**Assignment:**
Copy nothing but the text: reproduce each line of the listing exactly and leave the pictures out.

┄┄┄┄┄┄

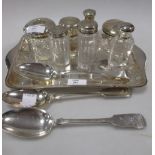 Three Victorian silver serving spoons, an oak cased canteen of electroplate rat tail pattern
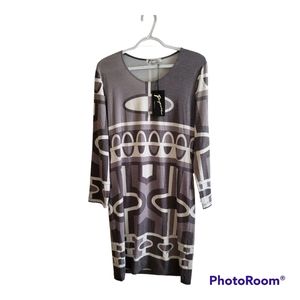 Paganne signed gray and white Op Art Geometric Print Dress New Size; M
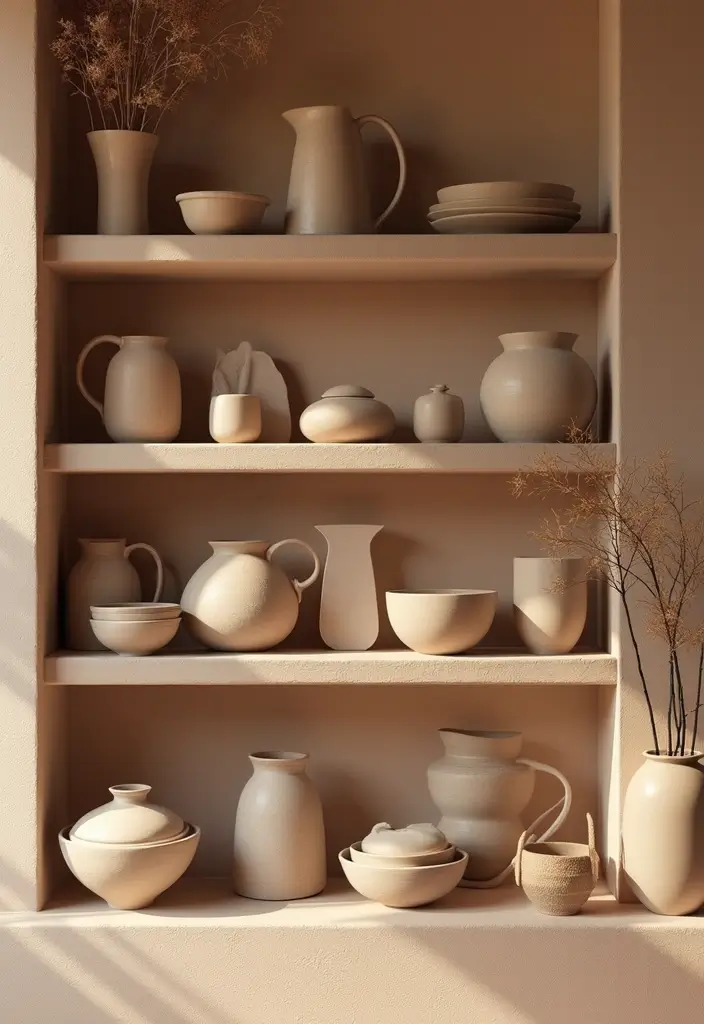 26 Creative Ceramic Wall Decor Ideas You’ll Love 43 26 Creative Ceramic Wall Decor Ideas You’ll Love - 13. Layered Ceramic Displays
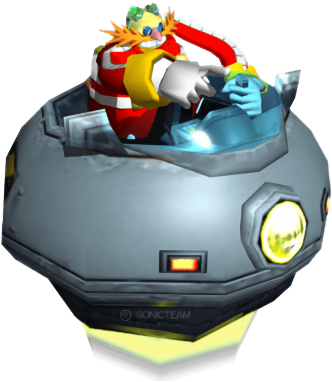 Eggman Heroes - Classic Eggman Egg Mobile (332x382), Png Download
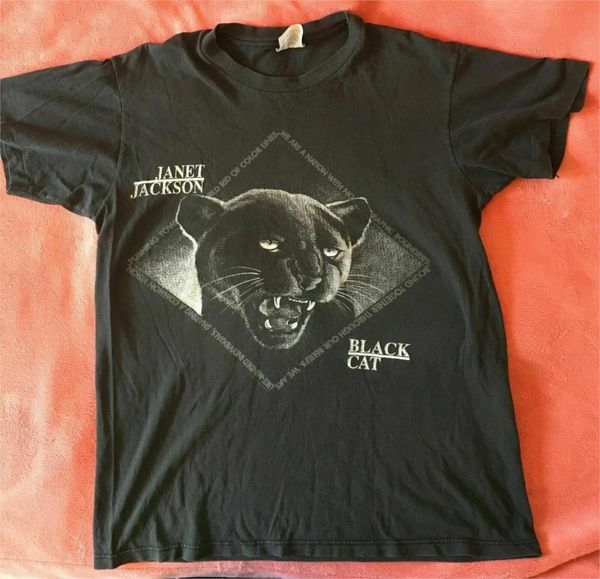 

vintage janet jackson shirt rhythm nation tour 80s concert black cat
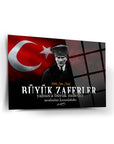 Atatürk 250 Cam Tablo üzerinde Türk bayrağı ve tarihsel motivasyon yazısı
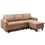 Thumbnail: Convertible Sectional L-Shaped Couch with Reversible Chaise-Beige-Coffee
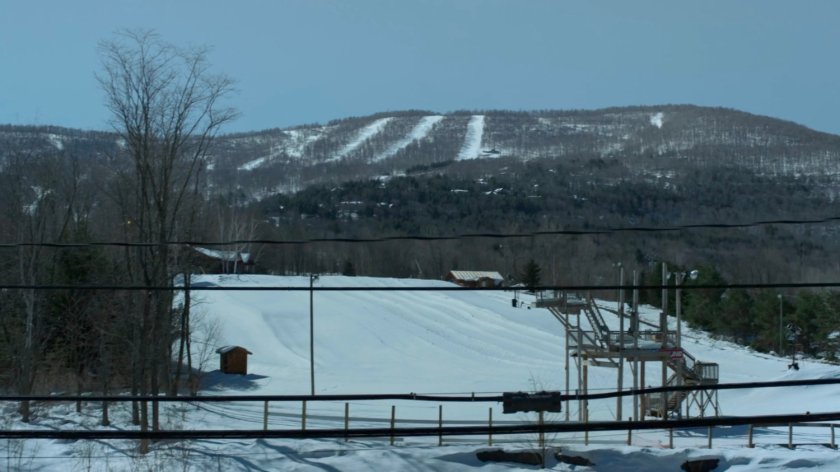 View of ski lift outside Penny's Place in Fagan Corners, Vermont.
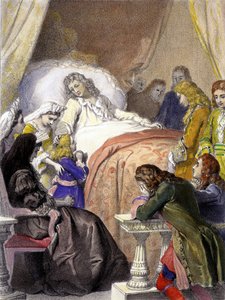 Śmierć Ludwika XIV (1638-1715), króla Francji, 1 września 1715 r. w Wersalu i przyszłego Ludwika XV (1710-1774). autorstwa Unknown artist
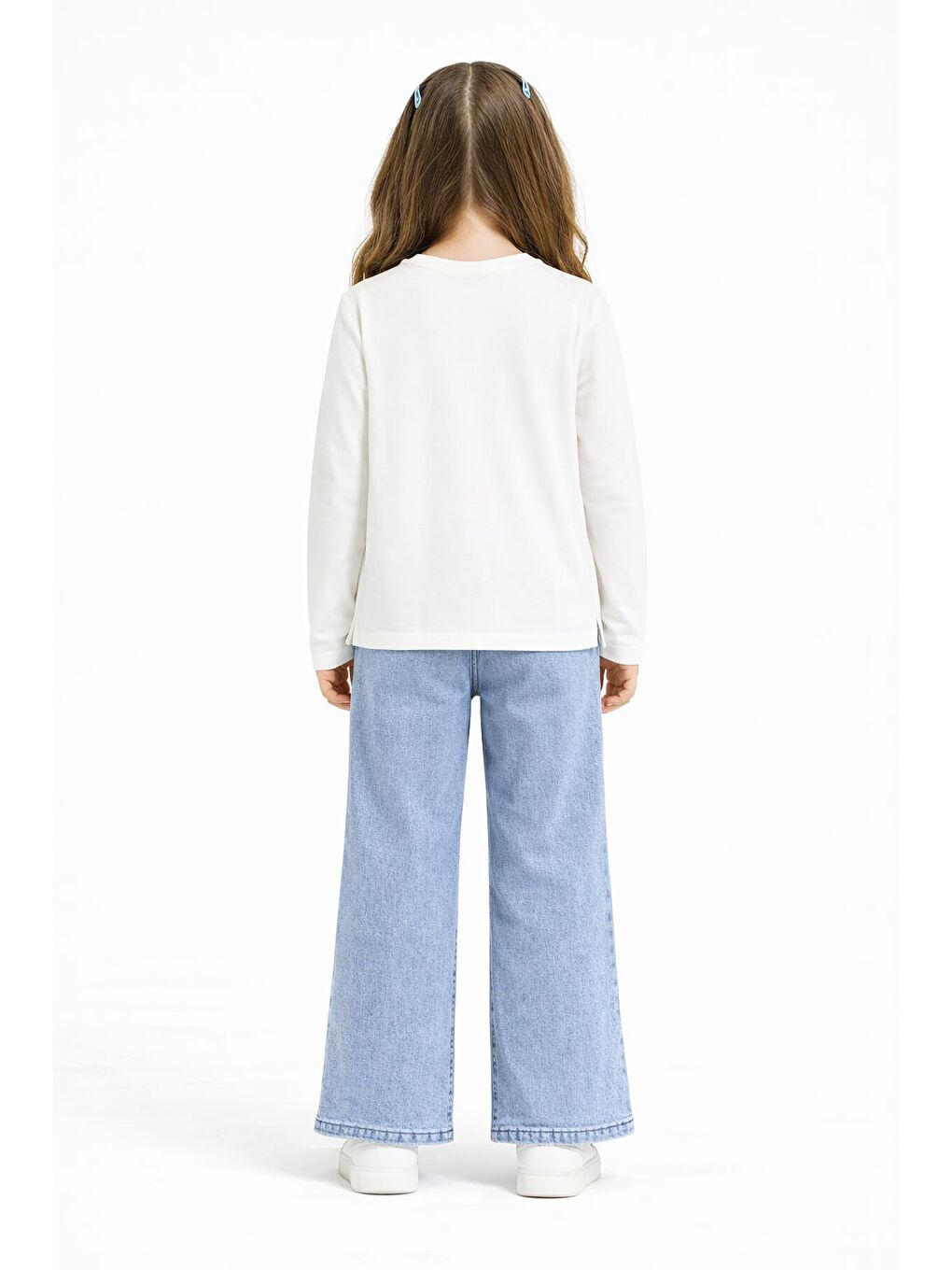 Ekru Kalp Desenli Badili Jean Pantolonlu Kız Çocuk 2li Takım 23745-3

┄┄┄┄┄┄

**Task response:**
 Three Victorian silver serving spoons, an oak cased canteen of electroplate rat tail pattern
 Paganne signed gray and white Op Art Geometric Print Dress New Size; M
 26 Creative Ceramic Wall Decor Ideas You’ll Love 43 26 Creative Ceramic Wall Decor Ideas You’ll Love - 13. Layered Ceramic Displays
 Eggman Heroes - Classic Eggman Egg Mobile (332x382), Png Download

vintage janet jackson shirt rhythm nation tour 80s concert black cat
 Atatürk 250 Cam Tablo üzerinde Türk bayrağı ve tarihsel motivasyon yazısı
 Thumbnail: Convertible Sectional L-Shaped Couch with Reversible Chaise-Beige-Coffee
 View of ski lift outside Penny's Place in Fagan Corners, Vermont.
 Śmierć Ludwika XIV (1638-1715), króla Francji, 1 września 1715 r. w Wersalu i przyszłego Ludwika XV (1710-1774). autorstwa Unknown artist
 Ekru Kalp Desenli Badili Jean Pantolonlu Kız Çocuk 2li Takım 23745-3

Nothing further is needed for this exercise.